Re: [PATCH 1/1] read-cache: update index format default to v4

2018-09-26 Thread Matthias Sohn
On Tue, Sep 25, 2018 at 8:01 PM Stefan Beller  wrote:
>
> On Tue, Sep 25, 2018 at 7:30 AM Derrick Stolee  wrote:
> >
> > On 9/25/2018 3:06 AM, Patrick Steinhardt wrote:
> > > On Mon, Sep 24, 2018 at 11:32:23PM +0200, SZEDER Gábor wrote:
> > >> On Mon, Sep 24, 2018 at 02:15:30PM -0700, Derrick Stolee via 
> > >> GitGitGadget wrote:
> > >>> From: Derrick Stolee 
> > >>>
> > >>> The index v4 format has been available since 2012 with 9d22778
> > >>> "reach-cache.c: write prefix-compressed names in the index". Since
> > >>> the format has been stable for so long, almost all versions of Git
> > >>> in use today understand version 4, removing one barrier to upgrade
> > >>> -- that someone may want to downgrade and needs a working repo.
> > >> What about alternative implementations, like JGit, libgit2, etc.?
> > > Speaking of libgit2, we are able to read and write index v4 since
> > > commit c1b370e93
> >
> > This is a good point, Szeder.
> >
> > Patrick: I'm glad LibGit2 is up-to-date with index formats.
> >
> > Unfortunately, taking a look (for the first time) at the JGit code
> > reveals that they don't appear to have v4 support. In
> > org.eclipse.jgit/src/org/eclipse/jgit/dircache/DirCache.java, the
> > DirCache.readFrom() method: lines 488-494, I see the following snippet:
> >
> >  final int ver = NB.decodeInt32(hdr, 4);
> >  boolean extended = false;
> >  if (ver == 3)
> >  extended = true;
> >  else if (ver != 2)
> >  throw new
> > CorruptObjectException(MessageFormat.format(
> > JGitText.get().unknownDIRCVersion, Integer.valueOf(ver)));
> >
> > It looks like this will immediately throw with versions other than 2 or 3.
> >
> > I'm adding Jonathan Nieder to CC so he can check with JGit people about
> > the impact of this change.
>
> JGit is used both on the server (which doesn't use index/staging area)
> as well as client side as e.g. an Eclipse integration, which would
> very much like to use the index.
>
> Adding Matthias Sohn as well, who is active in JGit and cares
> more about the client side than Googlers who only make use
> of the server side part of JGit.

thanks for the heads up, in fact JGit does not yet support index version 4.
I will look into this.

-Matthias


Re: [PATCH 1/1] read-cache: update index format default to v4

2018-09-25 Thread Ben Peart




On 9/25/2018 2:01 PM, Stefan Beller wrote:

On Tue, Sep 25, 2018 at 7:30 AM Derrick Stolee  wrote:


On 9/25/2018 3:06 AM, Patrick Steinhardt wrote:

On Mon, Sep 24, 2018 at 11:32:23PM +0200, SZEDER Gábor wrote:

On Mon, Sep 24, 2018 at 02:15:30PM -0700, Derrick Stolee via GitGitGadget wrote:

From: Derrick Stolee 

The index v4 format has been available since 2012 with 9d22778
"reach-cache.c: write prefix-compressed names in the index". Since
the format has been stable for so long, almost all versions of Git
in use today understand version 4, removing one barrier to upgrade
-- that someone may want to downgrade and needs a working repo.
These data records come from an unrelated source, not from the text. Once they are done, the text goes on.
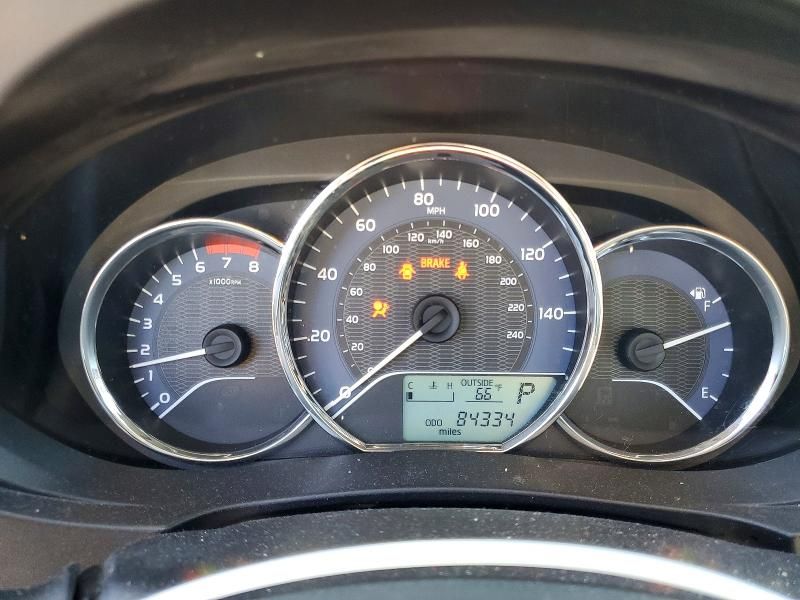 2014 Toyota Corolla l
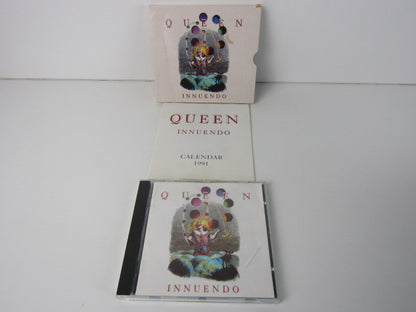 CD + Kalender, Queen: Innuendo, 1991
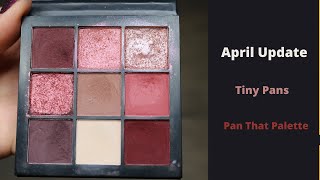 Pan that Palette | Tiny Pans | Huda Mauve Obsessions | Project Pan | Update 2 | April 2021
Welcome to an update of Pan that Palette: Tiny Pans Project from the PANtastic Ladies Collab. I will be focusing on the Huda Beauty Mauve Obsessions Palette for the Pan that Palette Tiny Pans.
#panthatpalette2021 #tinypans #panthoseeyeshadows2021
Products Mentioned.
Huda Beauty Mauve Obsessions Palette
email: rubyrougereviews@gmail.com
instagram: https://www.instagram.com/rubyrouge_reviews/?hl=en Pan that Palette | Tiny Pans | Huda Mauve Obsessions | Project Pan | Update 2 | April 2021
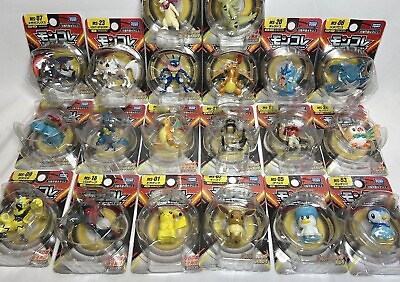 #ad Moncolle Pokémon Monster collection Takara Tomy Japan choose your favorite $14.00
What about alternative implementations, like JGit, libgit2, etc.?

Speaking of libgit2, we are able to read and write index v4 since
commit c1b370e93


This is a good point, Szeder.

Patrick: I'm glad LibGit2 is up-to-date with index formats.

Unfortunately, taking a look (for the first time) at the JGit code
reveals that they don't appear to have v4 support. In
org.eclipse.jgit/src/org/eclipse/jgit/dircache/DirCache.java, the
DirCache.readFrom() method: lines 488-494, I see the following snippet:

  final int ver = NB.decodeInt32(hdr, 4);
  boolean extended = false;
  if (ver == 3)
  extended = true;
  else if (ver != 2)
  throw new
CorruptObjectException(MessageFormat.format(
JGitText.get().unknownDIRCVersion, Integer.valueOf(ver)));

It looks like this will immediately throw with versions other than 2 or 3.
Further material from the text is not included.